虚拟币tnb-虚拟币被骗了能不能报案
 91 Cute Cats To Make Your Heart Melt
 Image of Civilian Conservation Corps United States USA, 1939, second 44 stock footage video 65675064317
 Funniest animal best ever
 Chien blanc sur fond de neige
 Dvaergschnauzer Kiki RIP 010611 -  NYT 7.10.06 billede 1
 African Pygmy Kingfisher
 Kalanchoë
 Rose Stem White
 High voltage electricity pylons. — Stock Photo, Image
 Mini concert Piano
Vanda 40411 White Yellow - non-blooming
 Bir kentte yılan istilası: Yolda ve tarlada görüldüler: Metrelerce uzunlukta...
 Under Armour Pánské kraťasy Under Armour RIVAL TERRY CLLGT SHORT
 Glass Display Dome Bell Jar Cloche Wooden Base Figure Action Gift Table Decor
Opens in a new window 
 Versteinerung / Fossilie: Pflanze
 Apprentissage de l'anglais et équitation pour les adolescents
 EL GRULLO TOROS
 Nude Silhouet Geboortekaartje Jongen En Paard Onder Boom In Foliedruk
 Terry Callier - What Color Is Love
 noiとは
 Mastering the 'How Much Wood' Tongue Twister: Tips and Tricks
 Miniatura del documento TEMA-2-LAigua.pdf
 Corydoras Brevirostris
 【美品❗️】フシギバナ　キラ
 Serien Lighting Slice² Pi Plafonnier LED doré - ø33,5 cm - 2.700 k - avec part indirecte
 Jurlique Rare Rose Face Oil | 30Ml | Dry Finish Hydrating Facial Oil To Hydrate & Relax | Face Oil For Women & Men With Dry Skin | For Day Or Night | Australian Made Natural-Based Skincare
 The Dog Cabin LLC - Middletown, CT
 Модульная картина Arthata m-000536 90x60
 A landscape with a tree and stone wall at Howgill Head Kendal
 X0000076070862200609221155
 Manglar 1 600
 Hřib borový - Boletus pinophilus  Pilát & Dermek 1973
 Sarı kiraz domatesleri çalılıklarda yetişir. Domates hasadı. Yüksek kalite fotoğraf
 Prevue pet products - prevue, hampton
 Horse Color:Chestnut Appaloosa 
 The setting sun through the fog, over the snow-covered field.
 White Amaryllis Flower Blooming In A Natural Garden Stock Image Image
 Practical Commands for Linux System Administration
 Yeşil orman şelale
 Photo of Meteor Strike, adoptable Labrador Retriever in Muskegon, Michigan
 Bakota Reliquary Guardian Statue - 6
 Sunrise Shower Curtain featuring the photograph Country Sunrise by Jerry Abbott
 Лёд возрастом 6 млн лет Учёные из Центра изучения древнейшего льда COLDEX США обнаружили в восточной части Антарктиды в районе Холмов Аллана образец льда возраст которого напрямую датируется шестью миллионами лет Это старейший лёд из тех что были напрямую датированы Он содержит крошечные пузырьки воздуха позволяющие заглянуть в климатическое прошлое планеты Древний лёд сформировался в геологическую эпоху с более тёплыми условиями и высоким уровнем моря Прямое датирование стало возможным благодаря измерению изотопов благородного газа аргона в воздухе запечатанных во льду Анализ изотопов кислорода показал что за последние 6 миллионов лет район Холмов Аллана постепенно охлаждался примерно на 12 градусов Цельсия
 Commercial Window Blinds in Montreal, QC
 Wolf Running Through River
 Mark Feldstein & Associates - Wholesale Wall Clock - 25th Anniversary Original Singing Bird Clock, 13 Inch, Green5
+++++
• [Your goal]:
Search the entries for the word "Natural" and pick out every line that holds it.

• [The answer]:
 Jurlique Rare Rose Face Oil | 30Ml | Dry Finish Hydrating Facial Oil To Hydrate & Relax | Face Oil For Women & Men With Dry Skin | For Day Or Night | Australian Made Natural-Based Skincare
 White Amaryllis Flower Blooming In A Natural Garden Stock Image Image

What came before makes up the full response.